En 2009 aparecerían partidos que serían fundamentales un lustro después, como los Verdaderos Finlandeses, el Partido por la Libertad neerlandés o el Jobbik húngaro, y eso sin contar con todo el apoyo posterior mas los partidos nuevos que aparecerían hasta 2014.
Y llegó el día. Entre el 22 y el 25 de mayo, la Unión votó. Y en casi todos los países, del primero, Alemania, al último, Suecia, la opción que basculaba entre el euroescepticismo y el extremismo por la derecha estuvo fuertemente recompensada.
Desde el eurodiputado neonazi proveniente de Alemania a que uno de cada tres europarlamentarios franceses fuese del Frente Nacional de Marine Le Pen, sucesora de su padre y artífice del éxito de la formación ultraderechista.
En los países nórdicos también hubo petróleo para las formaciones más radicales, así como en Austria, Hungría o los ya conocidos neonazis griegos de Amanecer Dorado, que ocuparán tres asientos en la Eurocámara hasta 2019.
Y eso sin contar con las opciones fuertemente euroescépticas, como los británicos del UKIP o la moderación que no conocen muchas formaciones de la derecha polaca.
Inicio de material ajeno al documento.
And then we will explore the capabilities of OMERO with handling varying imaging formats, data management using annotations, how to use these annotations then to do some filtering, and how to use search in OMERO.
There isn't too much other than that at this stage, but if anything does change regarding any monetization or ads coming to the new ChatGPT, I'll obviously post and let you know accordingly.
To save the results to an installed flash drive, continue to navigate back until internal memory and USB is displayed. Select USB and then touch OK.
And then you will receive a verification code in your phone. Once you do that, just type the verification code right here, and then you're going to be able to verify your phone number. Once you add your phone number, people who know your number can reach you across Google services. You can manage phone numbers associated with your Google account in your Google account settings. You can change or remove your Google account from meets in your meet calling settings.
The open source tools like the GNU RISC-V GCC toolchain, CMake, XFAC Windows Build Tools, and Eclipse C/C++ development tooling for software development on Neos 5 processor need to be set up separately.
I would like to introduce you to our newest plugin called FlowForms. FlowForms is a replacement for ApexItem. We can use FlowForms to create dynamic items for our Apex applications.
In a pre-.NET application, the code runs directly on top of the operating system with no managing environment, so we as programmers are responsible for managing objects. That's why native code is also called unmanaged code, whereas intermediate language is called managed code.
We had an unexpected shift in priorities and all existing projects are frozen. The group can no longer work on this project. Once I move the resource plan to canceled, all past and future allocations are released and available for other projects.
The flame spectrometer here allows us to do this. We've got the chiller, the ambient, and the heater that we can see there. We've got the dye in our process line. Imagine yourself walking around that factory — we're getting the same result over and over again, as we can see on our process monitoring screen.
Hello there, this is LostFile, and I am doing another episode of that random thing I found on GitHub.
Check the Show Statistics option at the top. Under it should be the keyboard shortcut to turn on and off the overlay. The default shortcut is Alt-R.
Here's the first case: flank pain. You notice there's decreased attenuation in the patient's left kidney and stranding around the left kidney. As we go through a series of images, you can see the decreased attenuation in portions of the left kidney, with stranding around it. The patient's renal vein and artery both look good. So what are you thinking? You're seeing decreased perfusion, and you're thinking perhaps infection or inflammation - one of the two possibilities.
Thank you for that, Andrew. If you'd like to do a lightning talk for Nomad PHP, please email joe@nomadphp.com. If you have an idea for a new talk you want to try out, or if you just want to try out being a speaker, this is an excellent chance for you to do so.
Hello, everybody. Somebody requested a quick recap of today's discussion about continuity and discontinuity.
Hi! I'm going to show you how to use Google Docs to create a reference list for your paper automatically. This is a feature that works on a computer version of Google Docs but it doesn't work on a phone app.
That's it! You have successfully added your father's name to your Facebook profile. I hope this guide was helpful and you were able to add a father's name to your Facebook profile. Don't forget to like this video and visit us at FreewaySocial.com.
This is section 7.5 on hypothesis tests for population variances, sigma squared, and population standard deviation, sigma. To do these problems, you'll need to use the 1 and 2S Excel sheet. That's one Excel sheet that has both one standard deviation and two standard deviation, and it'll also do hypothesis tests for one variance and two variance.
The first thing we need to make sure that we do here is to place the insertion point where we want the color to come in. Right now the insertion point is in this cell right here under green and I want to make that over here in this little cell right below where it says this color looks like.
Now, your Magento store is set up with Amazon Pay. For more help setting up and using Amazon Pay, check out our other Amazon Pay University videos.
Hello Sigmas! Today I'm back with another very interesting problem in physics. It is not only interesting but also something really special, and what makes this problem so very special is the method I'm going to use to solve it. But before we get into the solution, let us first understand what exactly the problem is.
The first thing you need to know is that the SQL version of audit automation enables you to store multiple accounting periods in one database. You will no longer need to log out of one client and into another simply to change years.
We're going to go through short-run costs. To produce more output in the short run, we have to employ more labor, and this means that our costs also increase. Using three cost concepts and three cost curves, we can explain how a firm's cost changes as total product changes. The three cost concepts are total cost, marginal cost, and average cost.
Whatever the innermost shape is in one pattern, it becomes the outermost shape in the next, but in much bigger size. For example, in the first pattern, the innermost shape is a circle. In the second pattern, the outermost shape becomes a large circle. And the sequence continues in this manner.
Así, diferenciando dentro de toda esta mezcla de euroescepticismo de derechas, de esos 130, podemos considerar de extrema derecha unos 95, lo que supondría que un 12,6% de la bancada del Parlamento Europeo estará ocupada por esta opción política los próximos cinco años con eurodiputados de quince de los veintiocho países.
A pesar de estos resultados, la preocupación no reside en el uso que hagan de su poder dentro del Parlamento Europeo – que rozando un 13% de asientos tampoco es excesivo –, sino el papel que puedan jugar dentro de sus respectivos países en la política nacional.
En ningún país de la Unión gobierna una formación de este estilo, pero no es menos cierto que en los últimos años el voto fluye en aumento hacia ellos.
El pulso de mayo de 2014 es sólo una parada en el camino de estos partidos, una medición de salud de cara a su verdadero objetivo: competir en las elecciones nacionales, regionales y locales de sus países.
En Reino Unido no es raro encontrar encuestas actuales que posicionen al UKIP como tercera fuerza, una posición fundamental para el próximo que quiera llegar a Downing Street, como tampoco es extraño que el partido de Marine LePen en Francia sea el favorito según los sondeos en cuestiones de afinidad, por encima de un Partido Socialista sobrepasado por la crisis y que se ha visto obligado a sacar también la tijera para aligerar gastos.
No es fácil predecir qué ruta seguirá este fenómeno. Que ganen poder o lo pierdan siempre estará en manos de quienes meten su voto en la urna. Quizás, reflexionar y mirar la Historia del continente bajo este tipo de pensamiento debería ser suficiente para encontrar la solución.